Friday, March 30, 2007

Allied Ronin Affiliate Richard Strozzi-Heckler Interviewed

The following is a description of a dialogue between Allied Ronin affilliate Richard Strozzi-Heckler and Bert Parlee on the Integral Naked website. The Integral Naked website is a pay service so the dialogue is not free, however, the site (a part of Ken Wilber's Integral Institute) has featured such luminaries as George Leonard, Michael Murphy, Deepak Chopra, Peter Senge, Jenny Wade, Marianne Williamson, Tony Robbins and many, many more. If you are looking for lively dialogues with some wonderful thinkers it is a great service, with weekly updates. It can be found at www.integralnaked.org

A Somatic Approach to Leadership. Part 1. The Importance of “Body” in Body, Mind, and Spirit, in Self, Culture, and Nature

Richard Strozzi-Heckler

Richard Strozzi-Heckler holds a Ph.D. in Psychology, is a 6th Degree black belt in Aikido, and has been teaching somatic coaching, aikido, and leadership over the last twenty-five years. He is co-founder of the Lomi School, Strozzi Institute, and the Two Rock Aikido dojo. He is a successful writer, having published four books including the classic The Anatomy of Change; In Search of the Warrior Spirit, which chronicles how his teaching helped an Army Special Forces unit dramatically increase its measurable performance; and most recently Holding the Center, Sanctuary in a Time of Confusion.

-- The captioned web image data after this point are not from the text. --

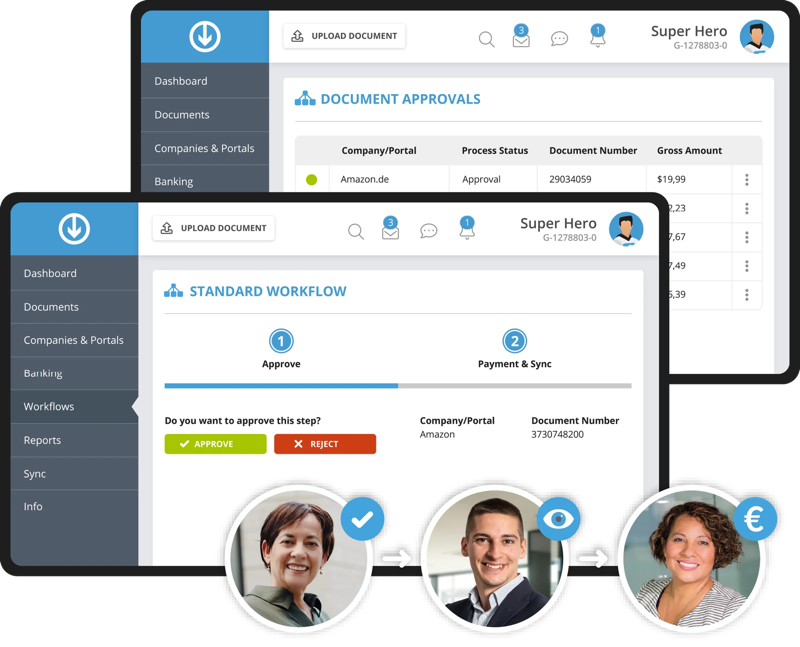 GetMyInvoices Workflows Pro con processi di approvazione e avatar del team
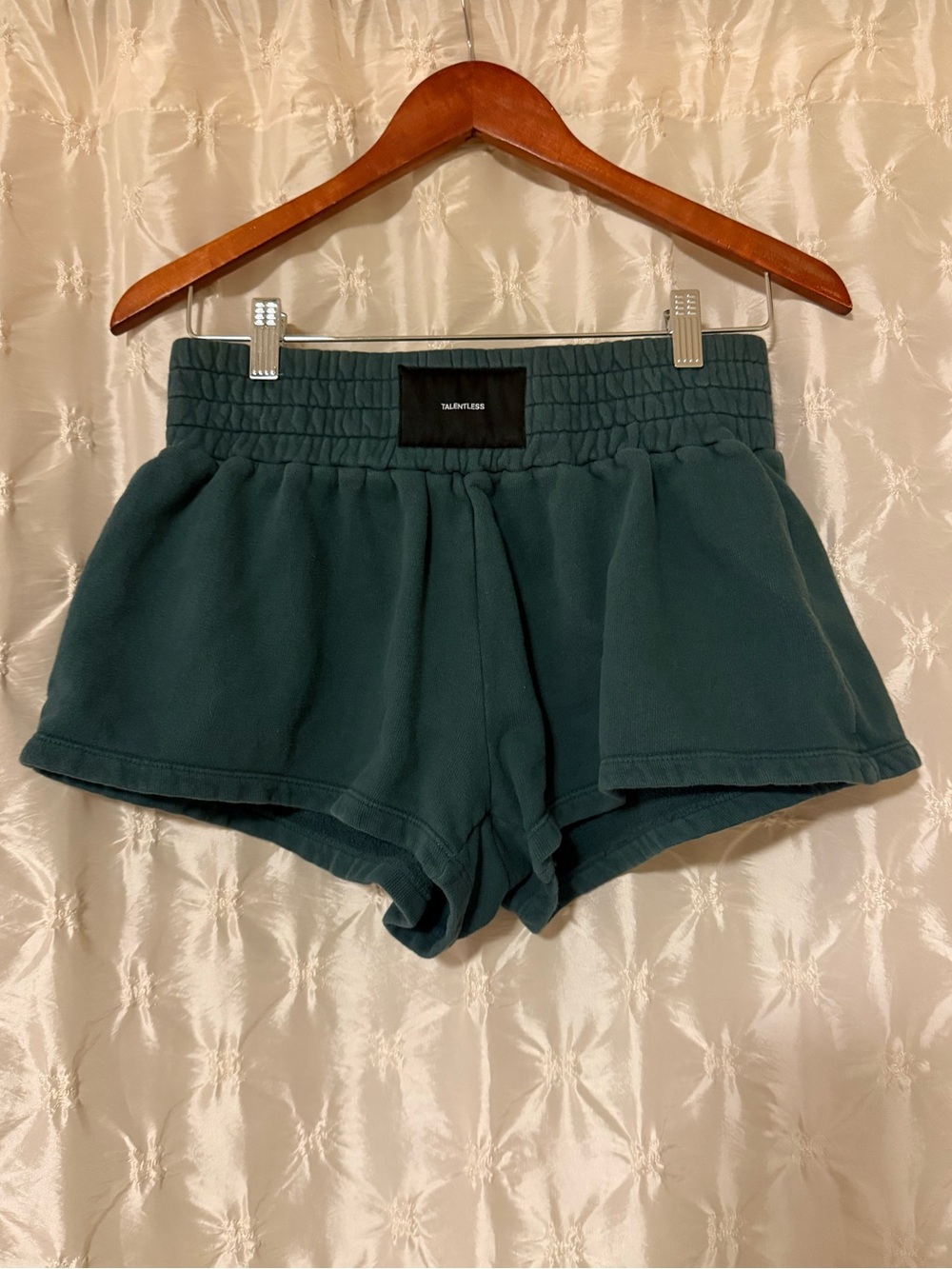TALENTLESS Deep Teal Green High-Waisted Heavyweight Boxer Sweat Shorts Athletic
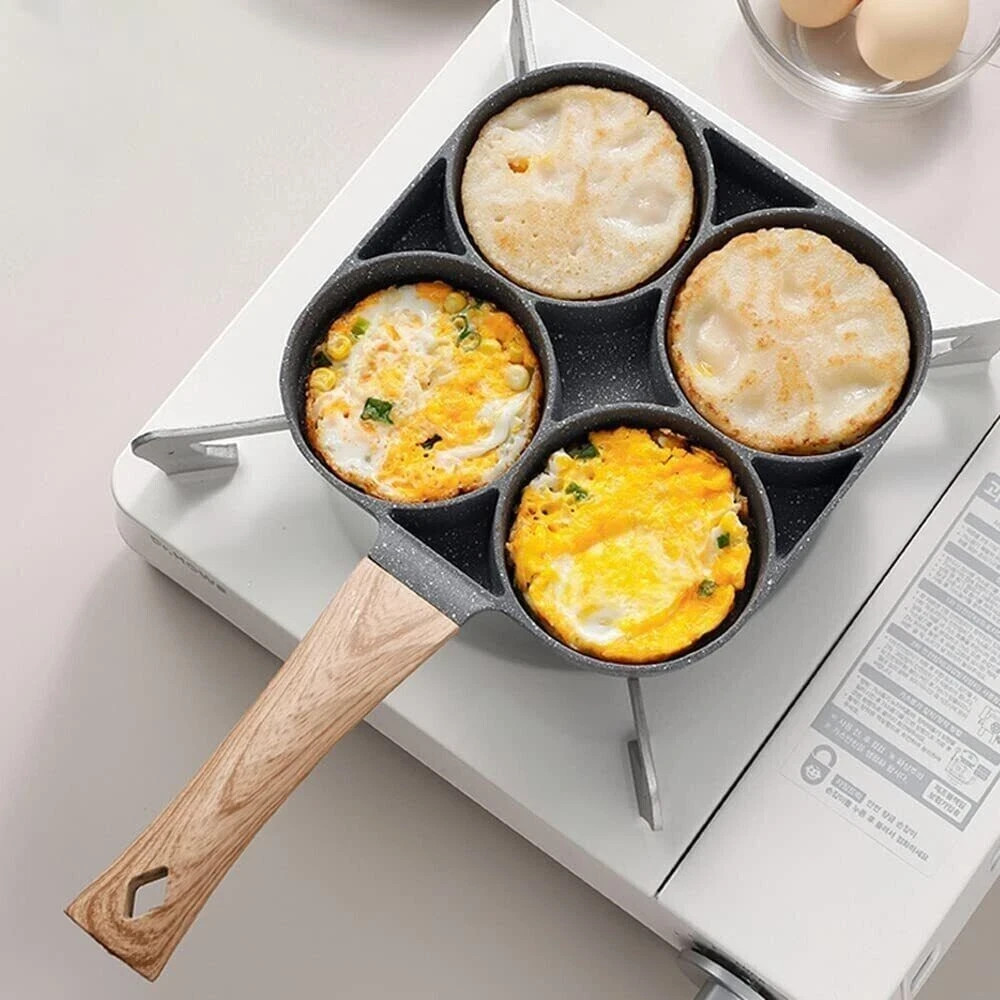 4 Holes Egg Fry Pan Pancake Maker Non-stick Egg Hamburger Pan W/ Wooden Handle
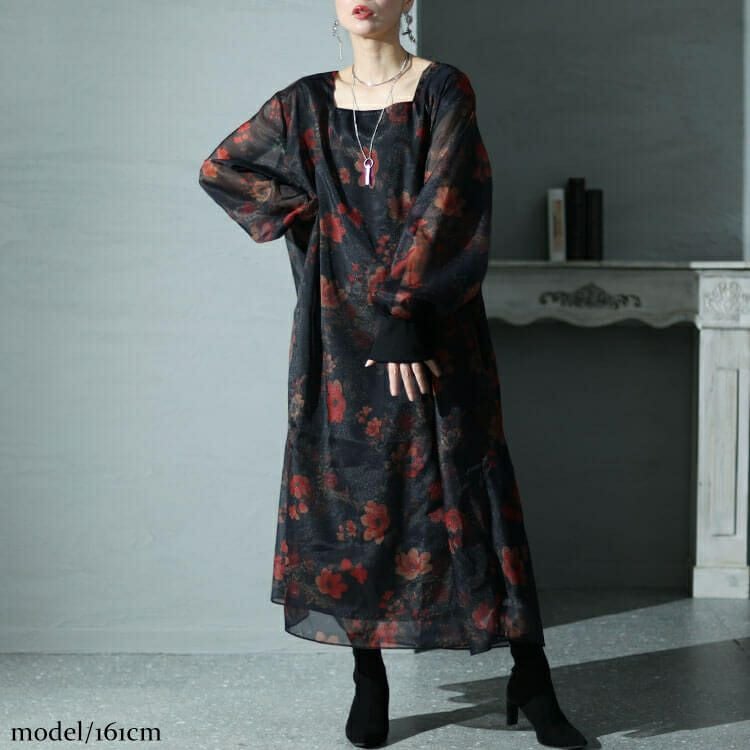 大きいサイズ レディース オーガンジー花柄ワンピース　nw-23038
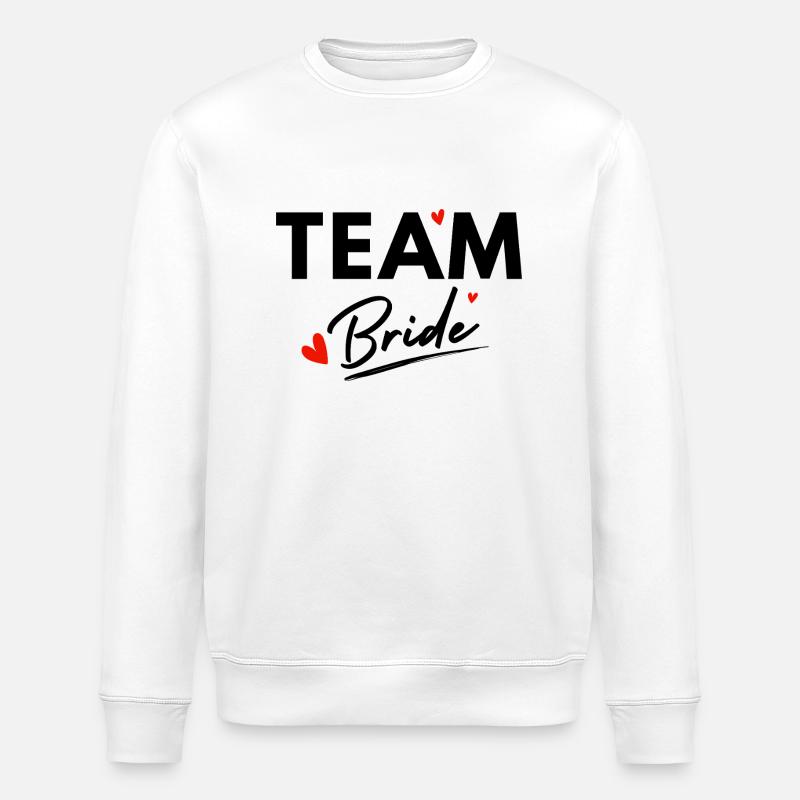 Team Bride Hearts - Bride Gift - Stanley/Stella ROLLER Unisex Organic Sweatshirt - white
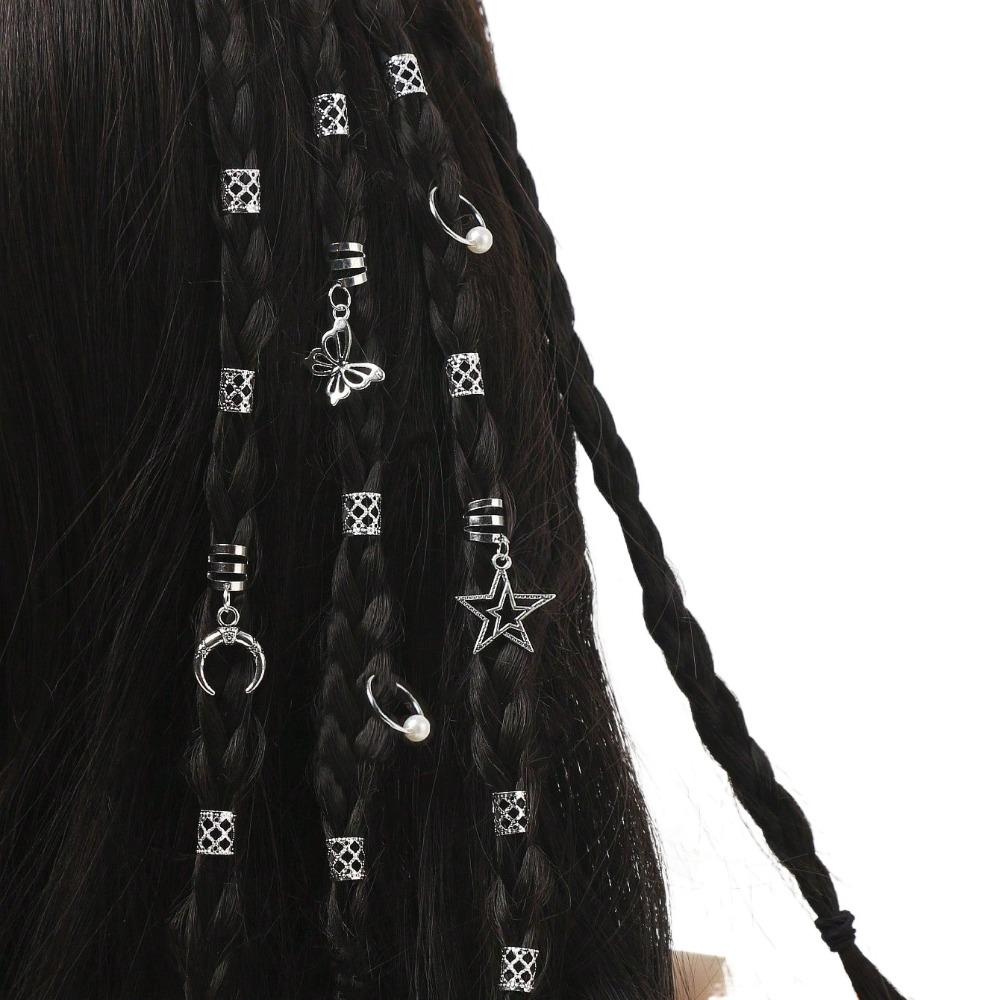 25pcs Hair Braiding Hollow Out Hair Ring Dread Locks Hair Braid Tubes Dreadlocks Beads  Decor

Richard and Bert begin the conversation by discussing some of the more recent activities Richard has been involved in, which have largely been about finding ways to bring a somatic orientation into international relations. He has been working with the Monterey Defense Language Institute, developing a conference called "Somatics and Counter-Terrorism." He also discusses his work in areas like Afghanistan, where he has created a somatic-based leadership program for the Afghani army.

Richard then gives a brief account of his involvement with the bodily arts, tracing it all back to a torn shirt and bloodied nose he received in a fight when he was 13 years old—and his parent’s fateful decision to put him in a Judo class. Later, in 1968, Richard began a meditation practice after spending time in India. He discusses his own definition of meditation as a way to control and exercise attention, a quality he recognizes as crucial in order to be an effective leader ("successful people should know how to concentrate.") As such, he teaches meditation in his workshops, under the guise of "Attention Training," a phrase which flies under the mainstream radar. An Integral Approach would completely agree with this use and definition of meditation, and go on to point out—in agreement with the great contemplative traditions—that not only can meditation train attention in extraordinary ways, but it can offer a radical freedom and release from all forms, functions, and movements of mind. From this Ultimate view, the quality of attention—whether untrained and roaming, or disciplined and pin-point—can be seen as simply another manifestation of the separate self-sense or self-contraction. However, this in no way makes attention training “bad;” rather, it’s one of the most powerful tools at our disposal. All of this simply goes to clarify the fact that meditation can function in several ways, one of which is to train attention, and another is to introduce us to the awareness that is beyond, or prior to, attention.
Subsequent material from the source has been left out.